• **Activity**: An exact copy is the goal: every line from the one containing "かま玉うどん(竹松うどん店 )" to the end of the material below, pictures excluded.

• **Collected data**:
────────────────────────────────────────
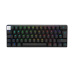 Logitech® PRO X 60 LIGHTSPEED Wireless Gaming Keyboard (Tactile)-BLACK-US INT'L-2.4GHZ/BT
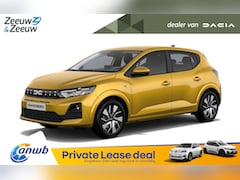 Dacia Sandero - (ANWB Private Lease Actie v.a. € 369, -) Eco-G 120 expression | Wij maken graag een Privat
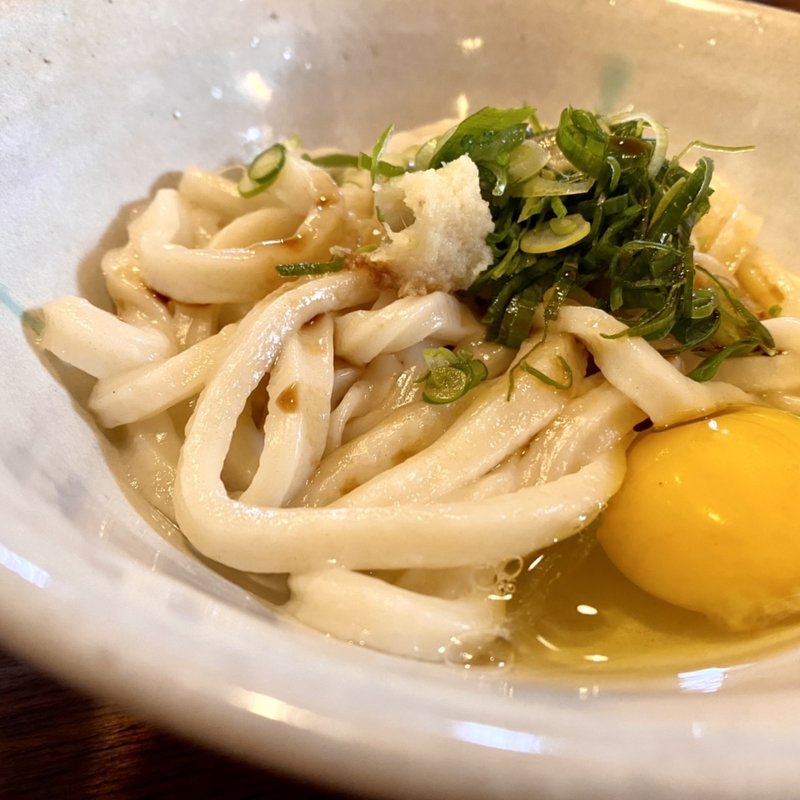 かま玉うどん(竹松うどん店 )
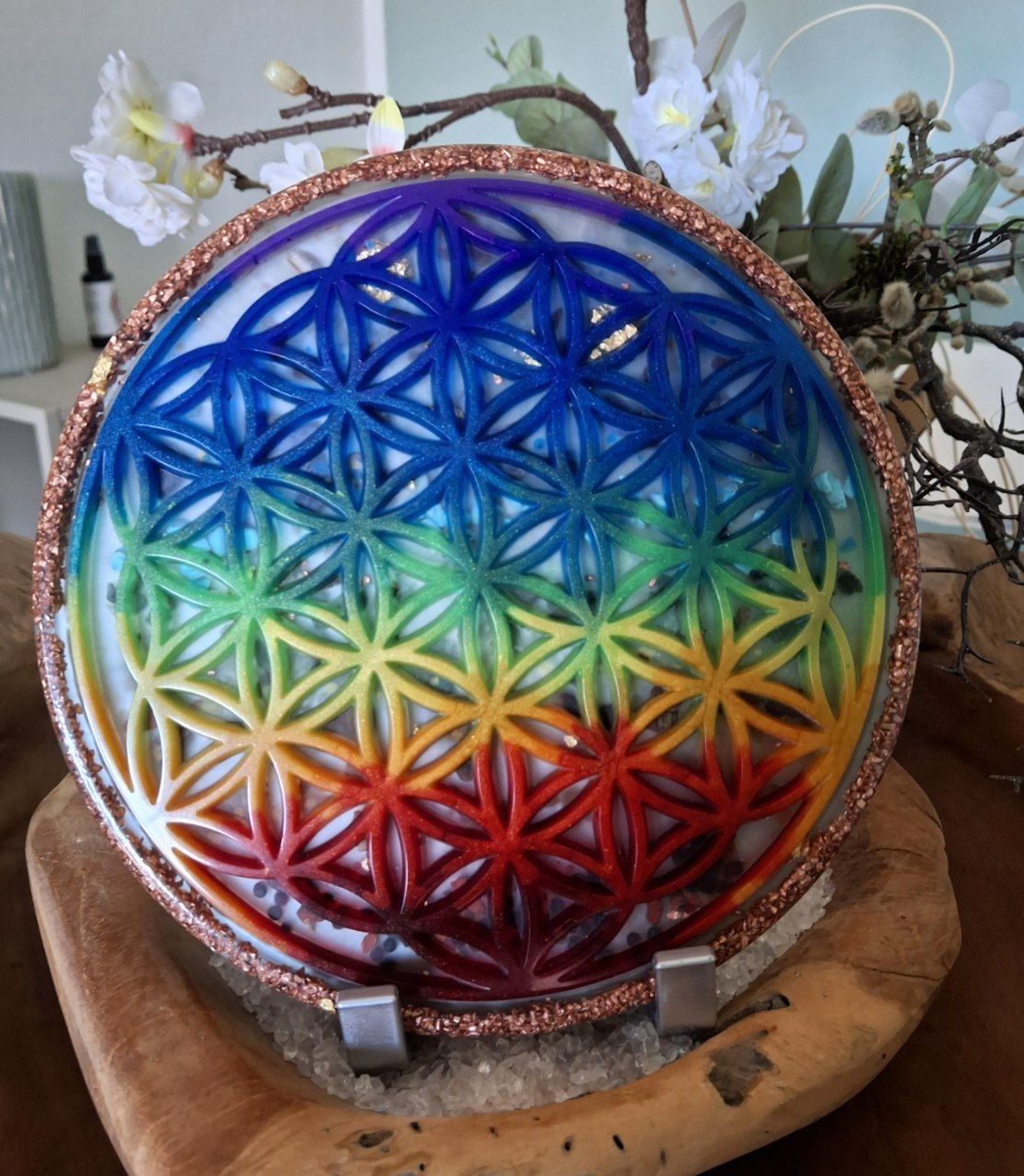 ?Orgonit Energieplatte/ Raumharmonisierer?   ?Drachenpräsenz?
────────────────────────────────────────
• **Finished exercise**:
 かま玉うどん(竹松うどん店 )
 ?Orgonit Energieplatte/ Raumharmonisierer?   ?Drachenpräsenz?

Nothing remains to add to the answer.